Zwischen Höllentrip und leichter Wehmut
Im Saal herrscht angespannte Konzentration. Vor fast fünfeinhalb Stunden hatte das Konzert begonnen, und noch immer hat das musikhungrige Publikum nicht genug von der Droge namens Chopin. Die Gäste im Festsaal des Theaters Ingolstadt klatschen und brüllen Bravo, sie denken nicht daran, den Raum zu verlassen. Sie wollen Zugaben. Und der israelische Pianist Amir Katz gibt ihnen, was sie wollen: Noch drei weitere Chopin-Charakterstücke, zwei Walzer (in Es Dur, op. 8 und c-Moll, op. 64,2) und die Oktav-Etüde, erklingen, dann endlich verstummt das Publikum. Warum dieser Enthusiasmus? Wegen der genialen Musik Frédéric Chopins? Wegen des neuen Konzepts der Musiknacht? Oder einfach, weil Amir Katz so fulminant Klavier spielte Wahrscheinlich von allem etwas. Der Israeli verblüffte vermutlich mehr als jeder andere Solist an diesem Abend […]
Amir Katz: Ein in existenzialistischem Schwarz gewandeter Virtuose, der schnellen Schrittes zielgerichtet an den Flügel stürmte und sogleich, ohne einmal abzusetzen, die zwölf Etüden op. 10 in den Saal donnerte, als wären sie ein einziger zusammenhängender Satz. Katz spielte diesen pianistischen Höllentrip so geradlinig, so ernst und hochkonzentriert und vor allem technisch so perfekt, wie es nur wirklich bedeutende Pianisten vermögen […]

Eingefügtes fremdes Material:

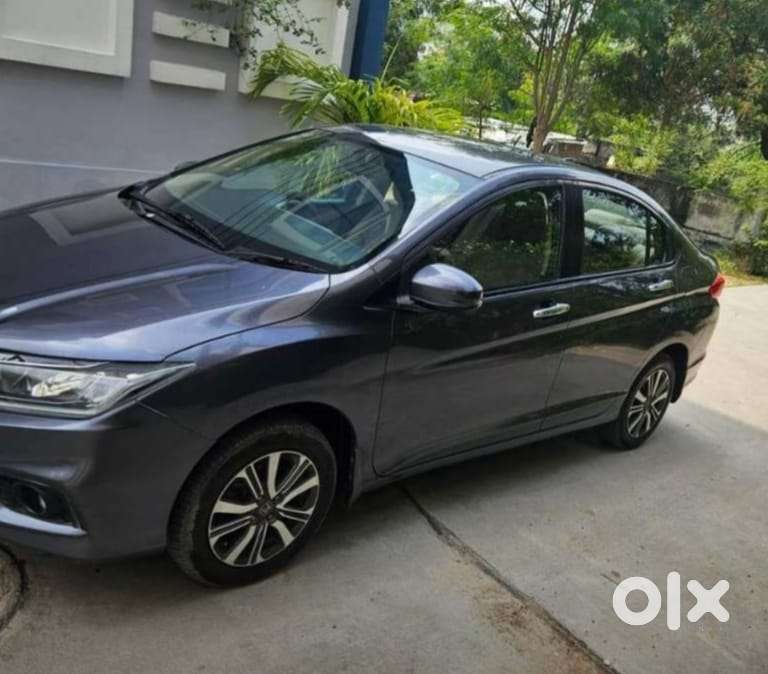 Honda City I-vtec V, 2017, Petrol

[…] so hörten wir hier die düstere Nachtseite des Romantikers. Katz hob die grollenden Bässe des Notentextes hervor, er vermochte das Klavier gewittern zu lassen und war zu fesselnder Dramatik fähig. Aber er konnte auch anders: Bei der dritten Etüde ließ er das liedhafte Thema rückhaltlos singen.
Klavierkonzert Nr. 1 überzeugte Katz […] mit dem Raffinement seines Anschlags, mit dramaturgisch geschicktem Spannungsaufbau und immer wieder überraschenden Momenten, etwa wenn er am Ende des Final-Satzes das Thema in der Wiederholung noch einmal pianissimo wie einen Nachklang spielte. Katz ist ein großer Pianist, von dem man nur hoffen kann, dass er bald wieder in Ingolstadt auftreten wird.